Sentiamo, perciò, il bisogno di ripetere una preghiera di questi giorni liturgici: «Guarda, Dio onnipotente, l’umanità sfinita per la sua debolezza mortale, e fa’ che riprenda vita per la passione del tuo unico Figlio» (Colletta del Lunedì della Settimana Santa).

  1. Sì, il Signore trae fuori dall’abisso. Nella tradizione ebraica c’è questo midrash sul Salmo 34: «Se un uomo usa vasi rotti è una disgrazia, ma per Dio le cose vanno diversamente: tutti i suoi servi, infatti, sono vasi rotti, ma “vicino è il Signore a chi ha il cuore spezzato, egli salva gli spiriti affranti” (Sal 34,19» (Pesiqta de-Rab Kahana, 158B).

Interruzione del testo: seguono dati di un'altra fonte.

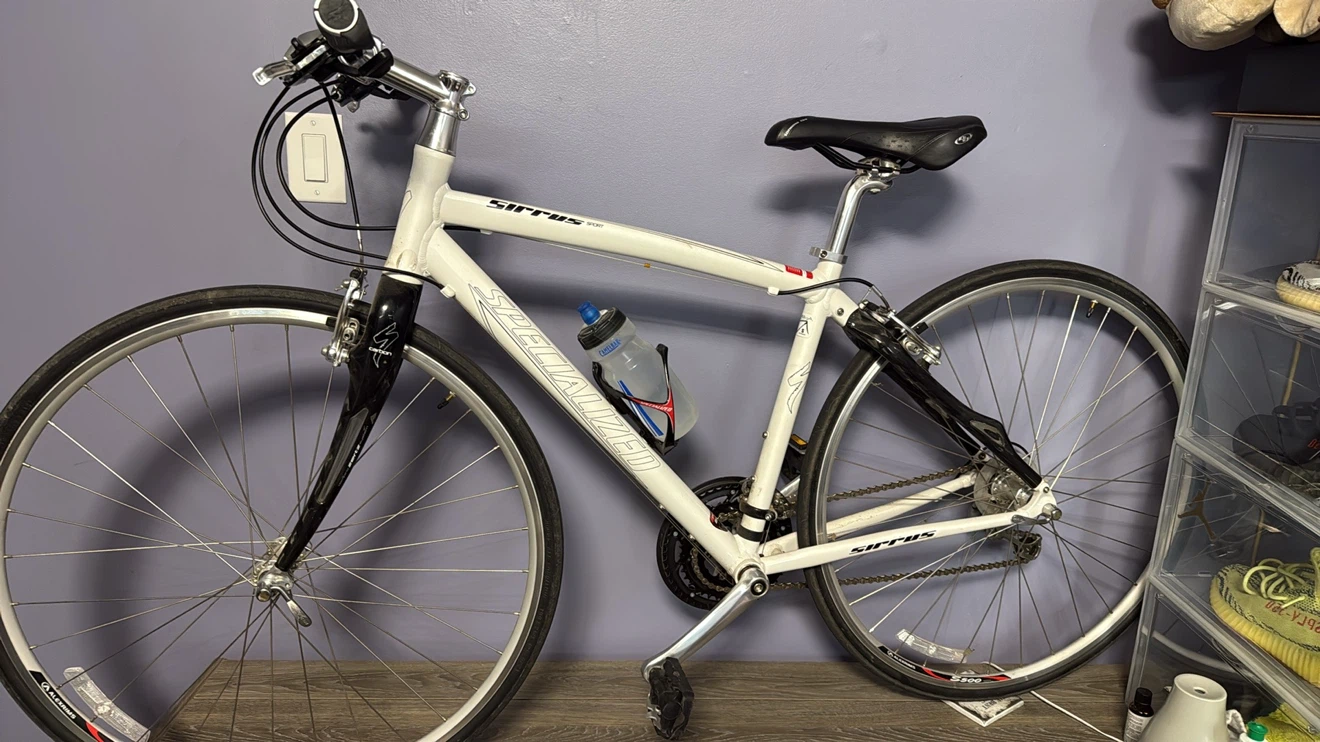 Specialized Sirrus Sport bike(small frame)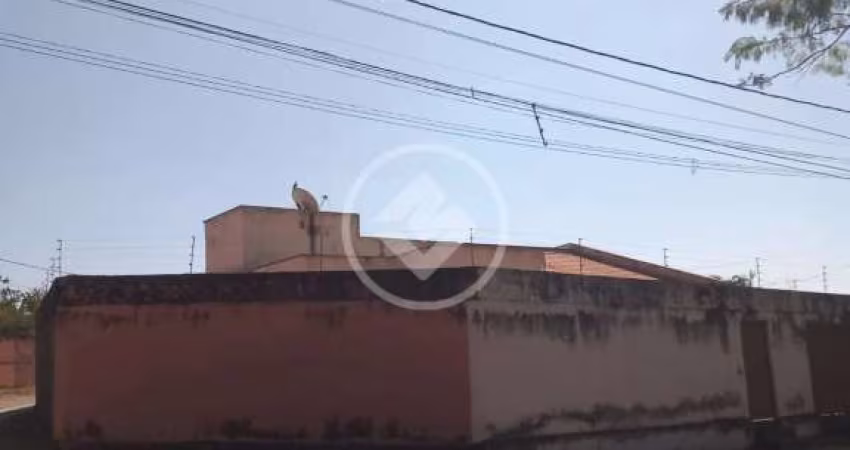 CASA NO SETOR FAIÇALVILLE DE FRENTE PARA O PARQUE codigo: 86581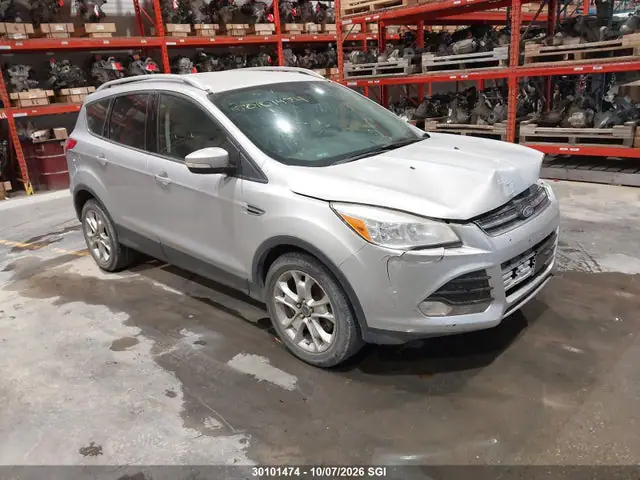 1FMCU9J94FUA00163 — 2015 Ford Escape Titanium, Передняя часть (Front), фото до ремонта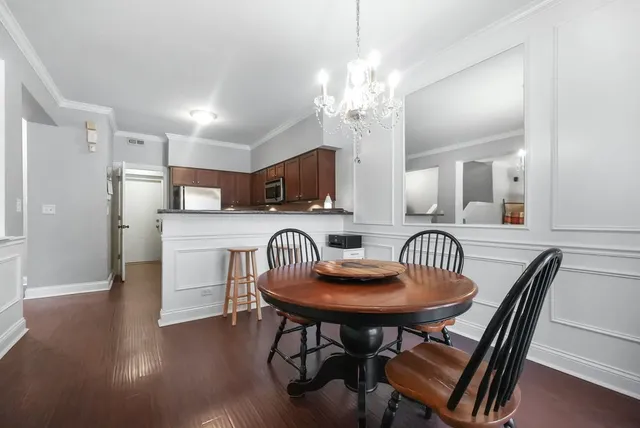 $269,900 | 37 Heather Glen Drive, Unit 37, Aurora, IL 60504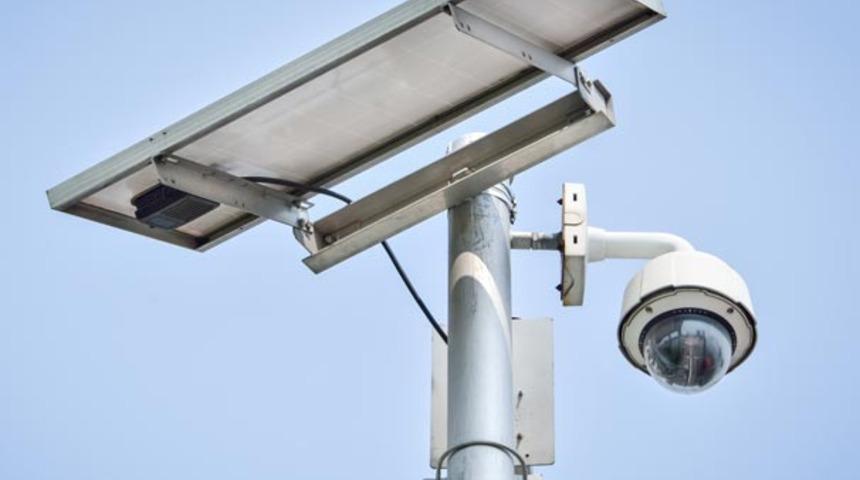 ABD'nin Ankara B&uuml;y&uuml;kel&ccedil;iliği'ne ateş eden saldırganlar kameralara yakalanmamak i&ccedil;in led ampul kullanmışlar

Non possiamo illuderci di essere infrangibili. Siamo nelle mani di Dio come dei vasi di terracotta: «Ecco, come l’argilla è nelle mani del vasaio, così voi siete nelle mie mani, casa d’Israele», dice il Signore (Ger 18, 6). Non siamo il vaso di alabastro che a Betania, nella casa di Simone il lebbroso, una donna misteriosa ruppe per versare sul capo di Gesù il profumo di nardo (cfr Mt 26, 7; Mc 14, 3); siamo, piuttosto, quel vaso di creta, di cui scrive san Paolo (cfr 2Cor 4,7). Eppure proprio in questo vaso Dio ha depositato il suo amore. Dobbiamo credere che Dio sa cosa fare dei nostri cocci.